Short descriptive text snippets:
[Start of section]
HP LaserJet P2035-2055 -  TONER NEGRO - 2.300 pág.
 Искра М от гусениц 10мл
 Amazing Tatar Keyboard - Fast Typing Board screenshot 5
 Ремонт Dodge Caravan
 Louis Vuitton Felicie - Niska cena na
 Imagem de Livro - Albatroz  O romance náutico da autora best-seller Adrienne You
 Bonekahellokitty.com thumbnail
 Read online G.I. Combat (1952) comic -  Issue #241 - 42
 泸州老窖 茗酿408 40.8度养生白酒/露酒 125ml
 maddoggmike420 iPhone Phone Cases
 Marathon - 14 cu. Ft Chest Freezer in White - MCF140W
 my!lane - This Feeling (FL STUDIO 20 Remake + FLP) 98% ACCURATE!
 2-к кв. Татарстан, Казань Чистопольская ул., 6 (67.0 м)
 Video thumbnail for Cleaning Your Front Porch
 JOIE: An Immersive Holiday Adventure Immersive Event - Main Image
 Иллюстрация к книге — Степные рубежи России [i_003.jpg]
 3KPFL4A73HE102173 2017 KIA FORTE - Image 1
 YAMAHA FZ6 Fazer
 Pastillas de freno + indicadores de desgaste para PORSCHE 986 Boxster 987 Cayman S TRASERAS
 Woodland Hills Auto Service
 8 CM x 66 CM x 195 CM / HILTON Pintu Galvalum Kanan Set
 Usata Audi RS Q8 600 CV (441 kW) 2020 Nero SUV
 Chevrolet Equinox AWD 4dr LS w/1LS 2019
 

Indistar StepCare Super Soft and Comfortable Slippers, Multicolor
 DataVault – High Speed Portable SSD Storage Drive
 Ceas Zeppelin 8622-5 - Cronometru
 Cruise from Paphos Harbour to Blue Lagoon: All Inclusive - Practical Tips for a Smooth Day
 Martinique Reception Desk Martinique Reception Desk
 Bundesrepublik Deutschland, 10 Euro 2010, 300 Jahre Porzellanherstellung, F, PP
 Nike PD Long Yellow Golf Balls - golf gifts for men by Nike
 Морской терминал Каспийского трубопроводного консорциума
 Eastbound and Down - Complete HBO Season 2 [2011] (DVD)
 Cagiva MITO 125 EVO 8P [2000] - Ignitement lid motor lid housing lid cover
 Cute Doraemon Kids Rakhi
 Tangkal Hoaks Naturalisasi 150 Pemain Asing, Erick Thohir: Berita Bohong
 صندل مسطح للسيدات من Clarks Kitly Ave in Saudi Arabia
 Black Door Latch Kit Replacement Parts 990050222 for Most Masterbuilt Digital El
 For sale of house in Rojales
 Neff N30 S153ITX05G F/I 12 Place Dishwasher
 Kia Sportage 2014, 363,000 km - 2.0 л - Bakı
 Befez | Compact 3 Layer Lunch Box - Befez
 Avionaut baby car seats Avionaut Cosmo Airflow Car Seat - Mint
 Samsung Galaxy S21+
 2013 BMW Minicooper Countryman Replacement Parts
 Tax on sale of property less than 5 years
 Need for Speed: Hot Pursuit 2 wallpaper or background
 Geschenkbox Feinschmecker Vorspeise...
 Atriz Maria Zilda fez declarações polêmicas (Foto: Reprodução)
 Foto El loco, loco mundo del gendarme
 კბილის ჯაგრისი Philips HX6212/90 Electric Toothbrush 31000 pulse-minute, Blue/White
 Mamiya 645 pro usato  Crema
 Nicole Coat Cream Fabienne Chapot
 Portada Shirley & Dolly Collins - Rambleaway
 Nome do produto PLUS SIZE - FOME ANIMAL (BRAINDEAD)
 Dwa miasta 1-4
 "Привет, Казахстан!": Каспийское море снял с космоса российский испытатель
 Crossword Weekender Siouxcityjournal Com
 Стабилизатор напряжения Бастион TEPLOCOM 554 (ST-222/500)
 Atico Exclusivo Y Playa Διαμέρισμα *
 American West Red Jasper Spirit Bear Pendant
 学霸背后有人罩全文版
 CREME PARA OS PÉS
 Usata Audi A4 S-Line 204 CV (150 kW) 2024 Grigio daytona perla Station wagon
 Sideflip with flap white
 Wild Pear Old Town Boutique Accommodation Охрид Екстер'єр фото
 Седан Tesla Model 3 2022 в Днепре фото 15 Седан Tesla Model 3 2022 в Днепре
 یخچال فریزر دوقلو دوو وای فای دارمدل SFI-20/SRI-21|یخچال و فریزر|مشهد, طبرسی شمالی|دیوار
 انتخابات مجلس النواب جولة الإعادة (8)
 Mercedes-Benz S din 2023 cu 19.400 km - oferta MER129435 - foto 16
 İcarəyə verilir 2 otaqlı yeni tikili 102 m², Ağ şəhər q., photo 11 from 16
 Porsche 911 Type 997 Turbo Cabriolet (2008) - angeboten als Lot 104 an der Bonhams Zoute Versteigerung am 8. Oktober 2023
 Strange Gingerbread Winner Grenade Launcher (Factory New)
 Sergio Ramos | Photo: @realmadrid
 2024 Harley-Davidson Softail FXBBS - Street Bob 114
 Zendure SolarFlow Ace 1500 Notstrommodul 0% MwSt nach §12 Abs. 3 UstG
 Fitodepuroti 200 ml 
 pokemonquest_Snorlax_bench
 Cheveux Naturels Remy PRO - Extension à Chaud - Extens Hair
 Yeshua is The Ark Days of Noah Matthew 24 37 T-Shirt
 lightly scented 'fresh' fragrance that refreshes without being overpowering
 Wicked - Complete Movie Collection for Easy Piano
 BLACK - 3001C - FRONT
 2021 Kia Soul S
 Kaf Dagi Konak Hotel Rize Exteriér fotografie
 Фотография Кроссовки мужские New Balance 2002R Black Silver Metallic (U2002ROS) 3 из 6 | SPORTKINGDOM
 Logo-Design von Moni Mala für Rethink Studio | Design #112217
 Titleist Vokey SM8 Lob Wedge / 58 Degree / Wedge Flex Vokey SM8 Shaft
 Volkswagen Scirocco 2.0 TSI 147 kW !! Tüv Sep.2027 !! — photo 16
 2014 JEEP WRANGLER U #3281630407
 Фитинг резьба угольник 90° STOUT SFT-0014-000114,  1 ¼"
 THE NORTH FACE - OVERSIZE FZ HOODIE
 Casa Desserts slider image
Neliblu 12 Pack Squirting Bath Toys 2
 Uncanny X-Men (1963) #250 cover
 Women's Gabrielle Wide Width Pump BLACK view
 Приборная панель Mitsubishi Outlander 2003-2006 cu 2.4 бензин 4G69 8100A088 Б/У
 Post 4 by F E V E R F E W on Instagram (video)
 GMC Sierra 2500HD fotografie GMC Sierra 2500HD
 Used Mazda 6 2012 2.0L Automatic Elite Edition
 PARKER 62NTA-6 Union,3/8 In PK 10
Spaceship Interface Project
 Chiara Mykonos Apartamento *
[End of section]
• **Task instructions**
Above are records; repeat only the lines starting at the line with "Dwa miasta 1-4" and ending at the line with "Wild Pear Old", exactly as they appear, both included.

• **The completed task**
 Dwa miasta 1-4
 "Привет, Казахстан!": Каспийское море снял с космоса российский испытатель
 Crossword Weekender Siouxcityjournal Com
 Стабилизатор напряжения Бастион TEPLOCOM 554 (ST-222/500)
 Atico Exclusivo Y Playa Διαμέρισμα *
 American West Red Jasper Spirit Bear Pendant
 学霸背后有人罩全文版
 CREME PARA OS PÉS
 Usata Audi A4 S-Line 204 CV (150 kW) 2024 Grigio daytona perla Station wagon
 Sideflip with flap white
 Wild Pear Old Town Boutique Accommodation Охрид Екстер'єр фото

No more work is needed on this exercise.